# Pentium (R) dual core E6700 3.2 ghz overclock



## Sumaher4 (Feb 3, 2011)

I would like to know how far could i overclock my cpu , and when i do will this cpu Last for new games ? I dont remember my motherboard but i know its asus and it allows overcloking . I've been in the bios menu and saw it there.

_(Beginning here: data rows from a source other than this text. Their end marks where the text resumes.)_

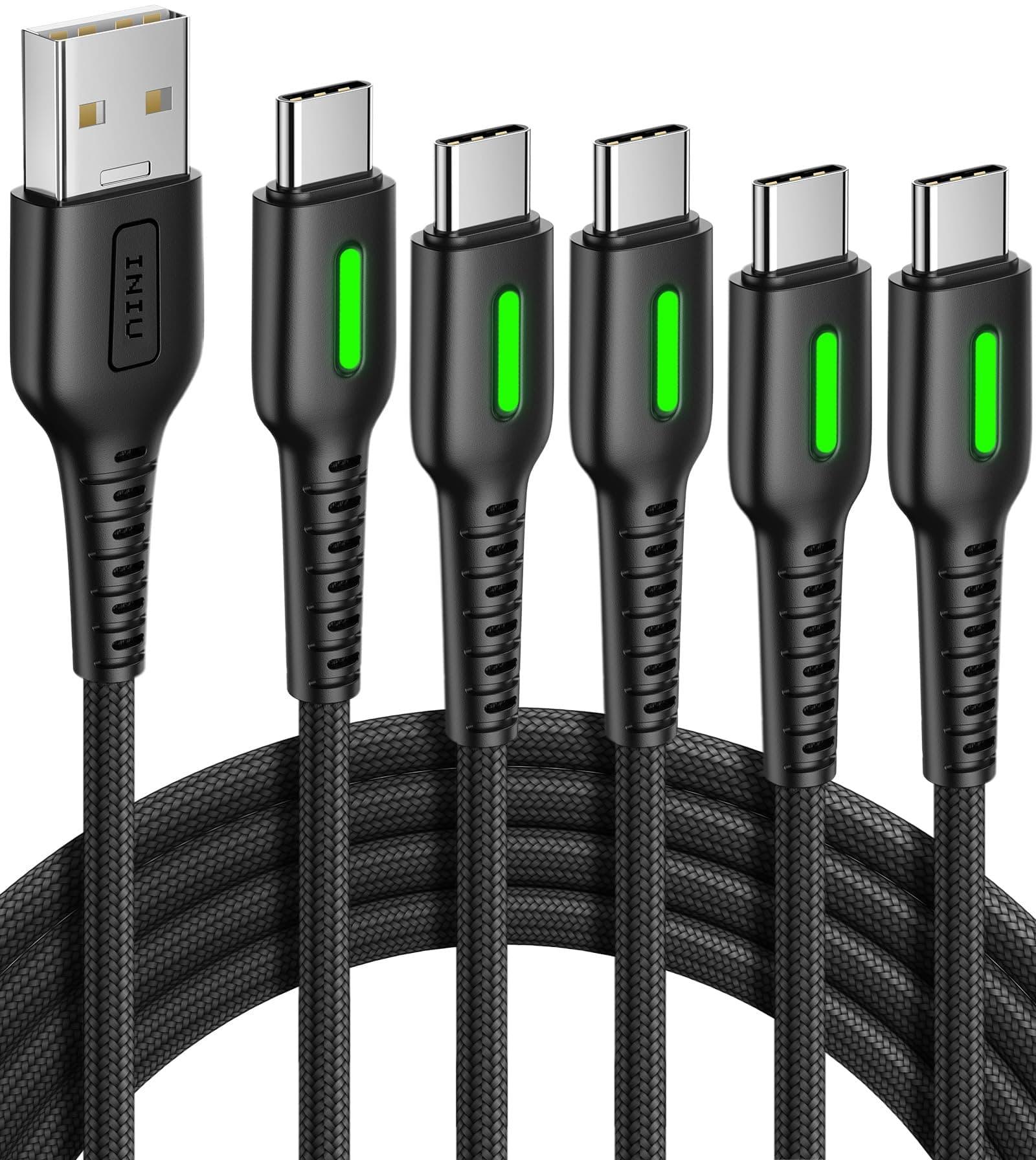 INIU USB to USB C Cable, [5 Pack] 3.1A QC3.0 Type C Cable Fast Charge, [1.6+3.3+3.3+6.6+6.6ft] Braided USBA to C Cable, USBC Charging Cord for iPhone 17 16 15 Pro Max, Samsung S25 24 23, Pixel 10 etc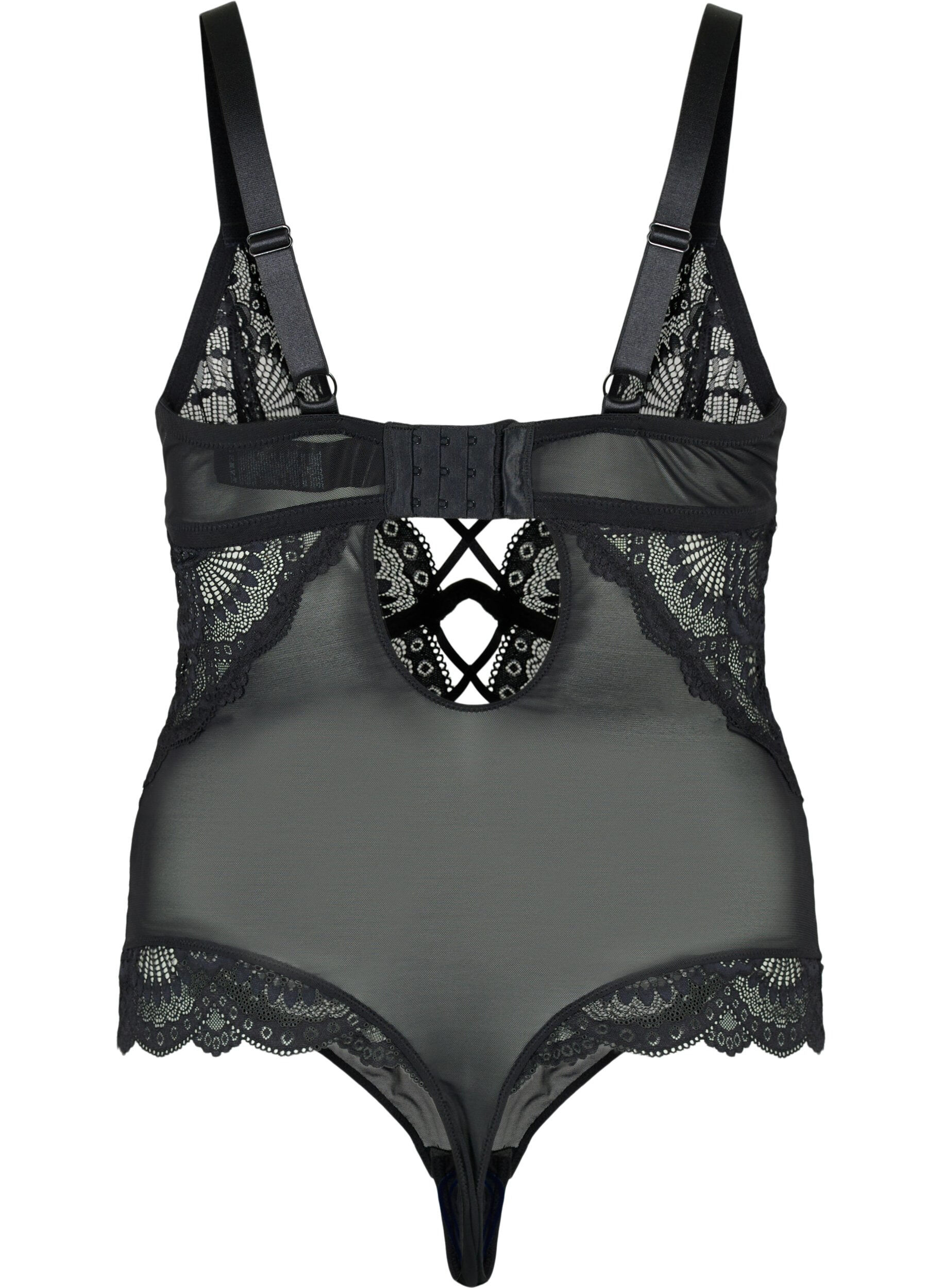 ZizziBodystocking aus Spitze mit Schn&uuml;ren, Schwarz, Packshot image number 1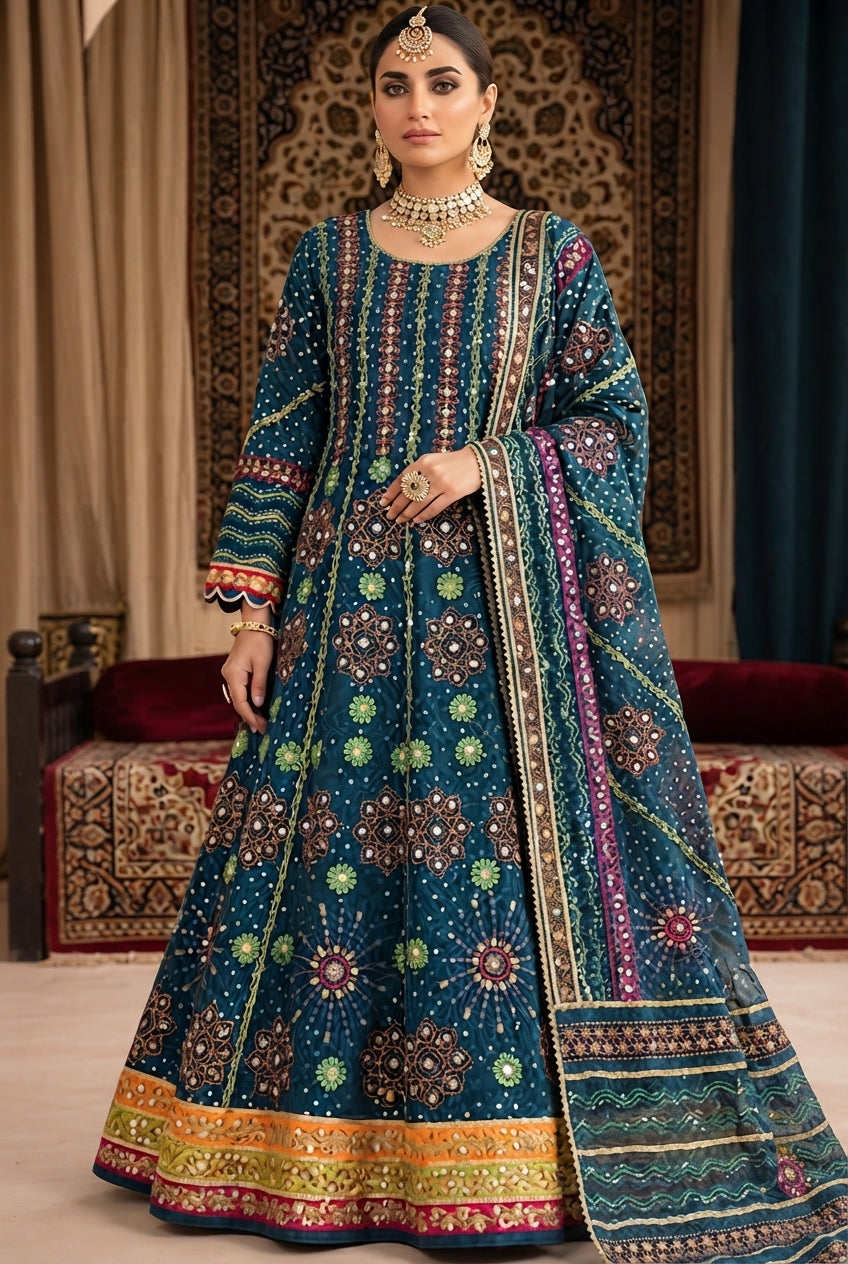 Chiffon Glamour – Premium Embroidered Maxi | Ready to Wear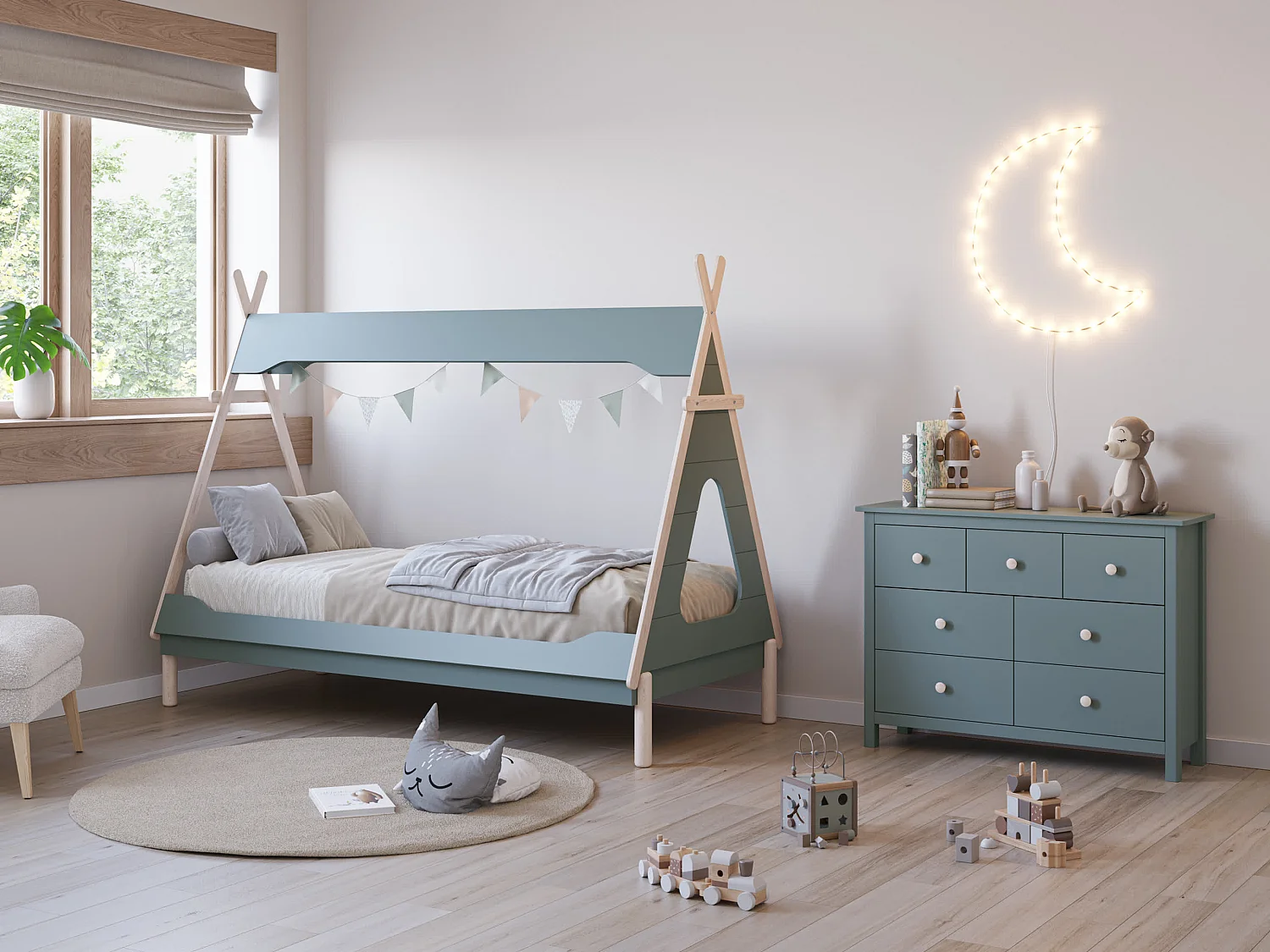 Lit cabane tipi 90x190 cm modulable LOU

PLZ HELP . And the cpu fan , idk what company is it made from but it has a huge plus sign on top . Idk if it will be good a good protector from heat problems.


----------



## Sumaher4 (Feb 3, 2011)

Oh and also idk if it helps , i have 600 psu .


----------



## Tyree (May 10, 2009)

There is no set OC value for any PC.
PC Specs?
Prebuilt- Brand Name & Model Number
Custom Build- Brand & Model of Mobo-CPU-RAM-Graphics-PSU


----------



## Sumaher4 (Feb 3, 2011)

MB - Asus P5G41C-M LX 
Prebuilt - Ankermmann PC germany 
CPU - Pentium (R) dual core E6700 @ 3.2GHZ
RAM - 4gb 1333mhz
PSU - 600w 
GFX - Nvidia 9500 gt ( overclocked it a little bit with youtube help)


P.S if the cpu fan is very important i will try to post a pic of it cause idk if the fan is the cpu's one or a costume installed.


----------



## Tyree (May 10, 2009)

Brand of the 600W PSU?


----------



## Sumaher4 (Feb 3, 2011)

Now theres the psu it doesnt say anything else and if u look at the fan. , in the pic its spinning the white logo is a plus idk what brand is it , if it is reliable


----------



## Tyree (May 10, 2009)

I would suggest getting a better quality PSU before attempting any OC'ing.
The Memory Standards for that Mobo are DDR3 1333(O.C.)/1066/800 DDR2 1066 (O.C.)/800/667
Note that 1333MHz RAM has to be OC'd to reach it's rated speed with that Mobo.


----------